Many people think the process for applying for a business loan is the same as that of a personal loan. Whilst some of the same principles may apply, business loan applications tend to be more in-depth, not surprising given that they’re generally for larger amounts and therefore come with a much higher risk for lenders.
Lenders typically consider factors such as the length of time the business has been operating, profitability, cash flow, business credit rating and current assets. Therefore, it’s important to present your best case when applying.
How can I ensure success for my business loan application?
1) Create a compelling business plan.
A good business plan demonstrates to the lender that you understand your business model, the market in which your company operates and what it’s capable of achieving in the future, with the right funds.
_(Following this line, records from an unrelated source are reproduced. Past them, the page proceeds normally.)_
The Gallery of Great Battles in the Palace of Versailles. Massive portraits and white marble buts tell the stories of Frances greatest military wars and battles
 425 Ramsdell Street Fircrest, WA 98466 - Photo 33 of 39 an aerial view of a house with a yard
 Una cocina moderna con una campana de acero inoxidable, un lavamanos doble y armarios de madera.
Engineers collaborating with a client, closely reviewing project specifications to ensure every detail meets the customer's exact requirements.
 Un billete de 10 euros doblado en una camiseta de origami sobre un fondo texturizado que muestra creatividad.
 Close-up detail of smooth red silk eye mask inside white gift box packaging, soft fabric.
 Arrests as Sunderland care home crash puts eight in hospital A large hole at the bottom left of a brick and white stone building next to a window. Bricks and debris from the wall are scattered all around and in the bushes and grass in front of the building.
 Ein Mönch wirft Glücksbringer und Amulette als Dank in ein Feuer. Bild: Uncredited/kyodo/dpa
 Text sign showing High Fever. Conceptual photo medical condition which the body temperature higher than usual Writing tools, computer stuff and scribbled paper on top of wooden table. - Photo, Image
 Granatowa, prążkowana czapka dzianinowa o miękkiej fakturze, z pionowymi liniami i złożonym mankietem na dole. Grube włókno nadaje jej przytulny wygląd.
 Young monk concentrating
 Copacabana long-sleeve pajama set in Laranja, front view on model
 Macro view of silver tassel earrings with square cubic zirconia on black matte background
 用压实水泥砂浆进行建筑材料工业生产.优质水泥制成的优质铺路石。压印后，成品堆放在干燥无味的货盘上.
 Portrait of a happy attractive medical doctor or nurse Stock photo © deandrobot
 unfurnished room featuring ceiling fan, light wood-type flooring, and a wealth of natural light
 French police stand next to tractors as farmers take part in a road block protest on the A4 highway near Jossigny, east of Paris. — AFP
Lenders will be interested in upcoming trends that might positively and negatively impact your profitability. Consider including information on your competitors and how you differentiate your business offering.
They’ll also want to know who runs the business, including the owners or directors and other key staff that are likely to impact growth. Having a good team behind you will demonstrate how well your business can react to unforeseen circumstances or business demands.
You’ll need to include your business’ historical and projected financial information and demonstrate what the loan will be used for, and how it will be repaid. Lenders will need to know you have clear goals in place for the growth of the business, and in what timescales.
Be sure to include information about your current assets and liabilities, an executive summary and table of contents, plus appendices where relevant such as charts or graphs, marketing material or product information.
2) Get your paperwork in order.
Not every lender has the same criteria, however, typically they’ll expect you to provide the following paperwork:
- Business tax returns
- Business profit and loss statements and balance sheets
- Minimum two years’ worth of business bank statements
- Personal tax returns for the business owners
- Personal assets and liabilities
- Proof of address and ID
Lenders may also ask business owners to take out insurance to ensure the loan is repaid in the event of injury, illness, or death.
3) Know your lenders.
Most lenders provide details about their products and eligibility criteria on their websites. Before making an application it’s good practice to do your research. Certain lenders may be better suited to your business type or industry or have more favourable criteria.
If you don’t have time to do the research yourself, using a broker can be an easier way to apply. In fact, out of the hundreds of commercial lenders in the UK, around 50% of these only accept applications from a broker. Brokers will know the application process inside out and also provide you with invaluable knowledge about lenders’ requirements.
4) Understand the detail.
Loan applications are often rejected because business owners do not have a clear vision for their company or fail to understand the numbers.
As a business owner, you’ll be expected to know your finances if questioned. You also need to understand the market you operate in, in-depth, such as who the key players are, upcoming legislation changes and other factors that might impact what you do – now and in the future. It’s useful to have prepared market research or conducted an environmental analysis so that you’re able to answer any queries with authority.
5) Check your business credit score.
For UK businesses, the way to check your credit score is through a Credit Reporting Agency such as Equifax or Experian. Businesses are given a credit score ranging from 0 to 100. 0 represents a high risk, while a score of 100 indicates a very low financial risk.
It’s good practice to check your business credit score regularly. Factors such as paying suppliers and filing business accounts on time can have an impact.
6) Be honest.
When it comes to loan applications, it can be tempting to embellish figures or other information to make your business look more appealing to lenders. However, if you’re found out then it could decrease your chances of being successful and affect your business credit score. If there’s something in your paperwork that might cause a red flag, have an explanation prepared and know what your business can do to mitigate the issue.
7) Ensure your personal finances are in order.
Whilst a business loan relates entirely to your business, it’s not surprising lenders might also want to know who they’re lending to, on a personal level. The state of your own finances gives some indication to lenders as to how good you are with money. This is particularly important if you’re running a recent start-up and don’t have much by way of historical financial records for your company yet.
Experian rates an excellent personal credit score as 881 to 960 (out of a possible 999), and a fair or average score between 721 and 880. Anything lower than this and your personal finances could come under scrutiny by business lenders. Paying your bills on time, paying off existing debt and registering to vote can all help improve your score. Remember – other individuals you’re linked to could affect your rating.
Whilst there are no guarantees your business loan will be approved; these best practices will help increase your chances of success. It all might seem like a lot of work; however, it will stand your business in good stead for the long term.
Disclaimer: The views expressed in this blog article are those of Origin Finance and do not constitute financial advice.